A recent study in the Journal of Acquired Immune Deficiency Syndromes included all PLWH diagnosed with cryptococcosis at Barnes-Jewish Hospital in St. Louis from 2002 to mid-2017. Cryptococcal infection was defined by a positive serum or cerebrospinal fluid antigen or positive culture. The patients were split into three groups; survivors, early mortality (within 90 days of cryptococcal diagnosis), and late mortality (90 days after diagnosis). The cohort was also split into the premodern antiretroviral therapy (ART) era (prior to 2008) and modern ART era (2008 to 2017).
Overall, 105 PLWH met the criteria and mortality was 47.6 percent; early mortality was 16.2 percent and late mortality was 31.4 percent. The central nervous system was the most common site of infection (68 percent). There were no significant differences in the median opening pressures or antigen titers between survivors, early-mortality, and late-mortality groups. CD4 count, viral loads, and prescription of ART prior to cryptococcal diagnosis were not different between the survivors and the late-mortality group, however survivors were more likely to be virally suppressed at last observation (62 percent vs 24 percent , P < 0.001). The survivors were more likely to have a new diagnosis of HIV at the time of cryptococcal diagnosis (P = 0.003) and to have private insurance (P = 0.008) compared to late-mortality individuals. There were significantly fewer survivors in the premodern era compared to the modern ART era (34 percent vs 74 percent, P < 0.001.) Early mortality was similar; the difference was driven by late mortality (48 percent vs 12 percent, P < 0.001.)

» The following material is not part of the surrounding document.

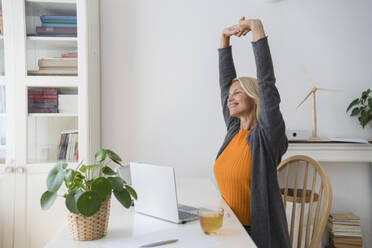 Smiling freelancer stretching arms at desk in home office - SVKF00499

While infections with Cryptococcus carry a high mortality, even after 90 days, mortality is less in the modern era of ART. Lower late-mortality was seen in patients with private insurance, which is likely a surrogate for a higher socioeconomic status. The causes of the late mortality are not known but could reflect neurologic or psychiatric sequelae of the infection, or may reflect persistence of previous barriers to care that led the patient to have poor adherence to ART in the past.